BlackBerry phones invoke nostalgia for physical keyboards and its once popular BBM messaging service. Due to the competion from other brands like Samsung Galaxies, iPhones etc who became more sohisticated and commercially popular, made BlackBerry announce to the world that it would stop making its own devices.
Key2, the latest BlackBerry mobile device, was unveiled at an event in New York City on Thursday. Although the Key2 has the look and feel of a traditional BlackBerry phone, it has modern twists, especially when it comes to security. It features a browser that doesn’t track your web activity, virus scanning and secret folders for private photos and documents.
The Key2 is not supposed to have mass appeal. It’s aimed at a business-oriented audience who wants a communication device first, rather than a phone for entertainment and video streaming. “They also appeal to a small corporate audience who feel attached to the format of a physical keyboard, and tend to respect the brand’s aura as a white-collar power tool with good security features.”

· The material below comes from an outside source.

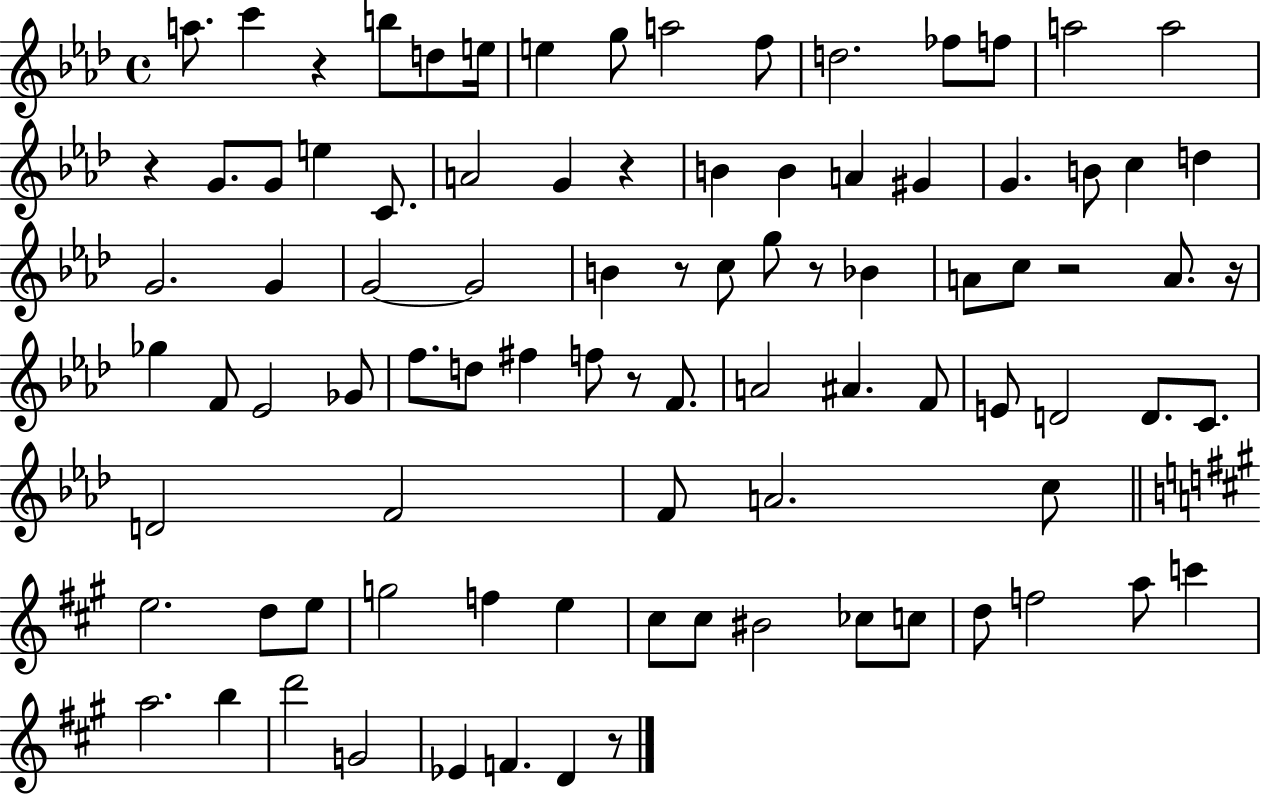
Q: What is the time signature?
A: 4/4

One can do more with the phone, like scroll up and down on a web page by swiping your finger. it has up to two days of battery life, a dual-lens camera on the back for the first time, and popular camera features like Portrait Mode. It runs the latest Android operating system, 8.1 Oreo.
The Key2 builds on last year’s KeyOne, which was the first BlackBerry phone released under a licensing deal with Chinese manufacturer TCL Communication in 2016. BlackBerry announced the partnership with TCL, which now makes and sells BlackBerry-branded mobile devices. For its part, BlackBerry provides the software and services.

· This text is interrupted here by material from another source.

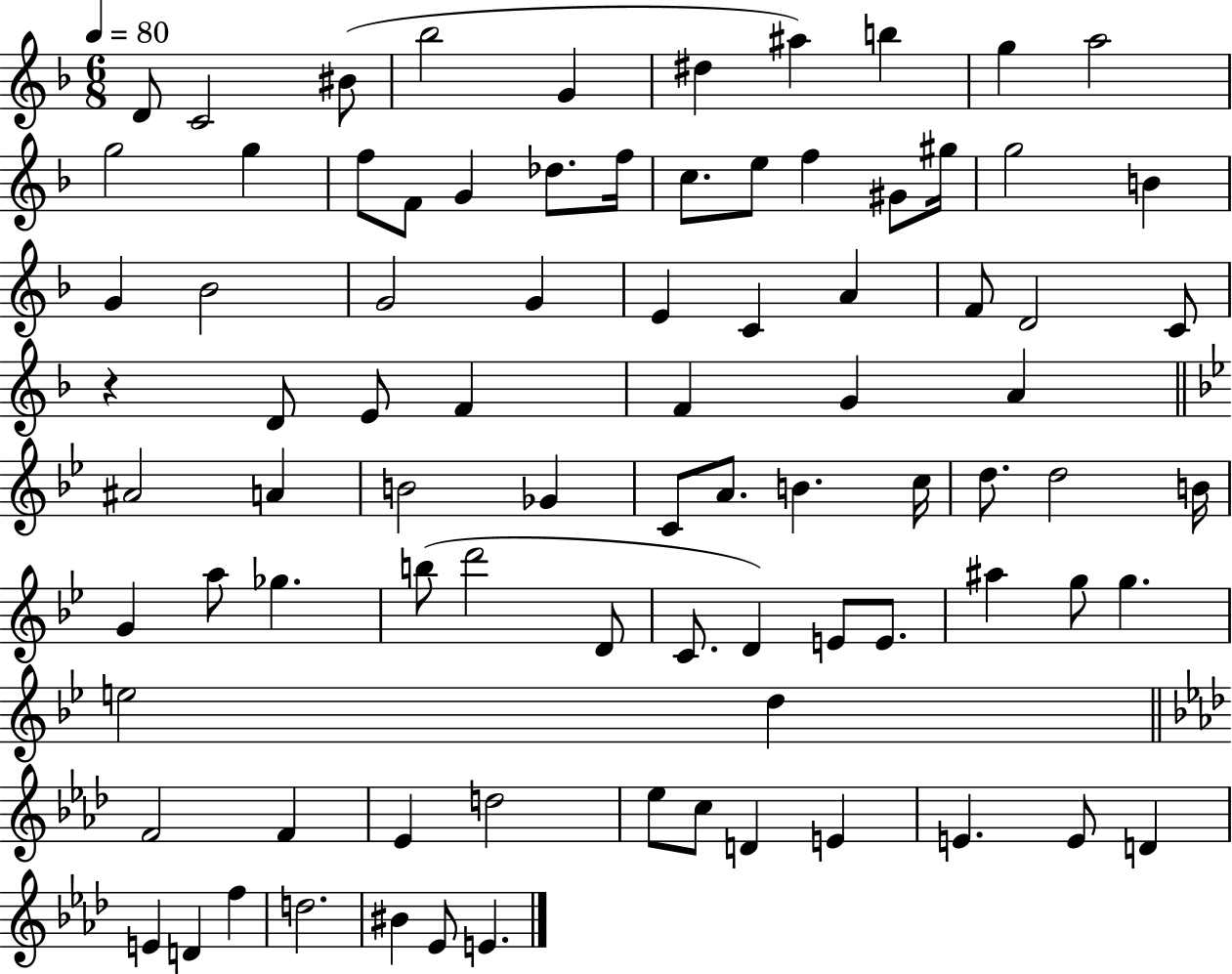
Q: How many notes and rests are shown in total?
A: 85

the Locker feature lets you create private folders for sensitive documents and photos, which won’t be uploaded to the cloud. You can also access Firefox Focus, a private browser that won’t track your internet history. Locker can only be accessed with your fingerprint or passcode. The phone starts at $649 and will begin shipping globally this month.
it will be a challenge to convince users to sacrifice some device functionality and performance for a hard keyboard. BlackBerry also has to compete with market leaders Apple and Samsung, in addition to a slew of Android vendors in the mid and entry-level smarphone market.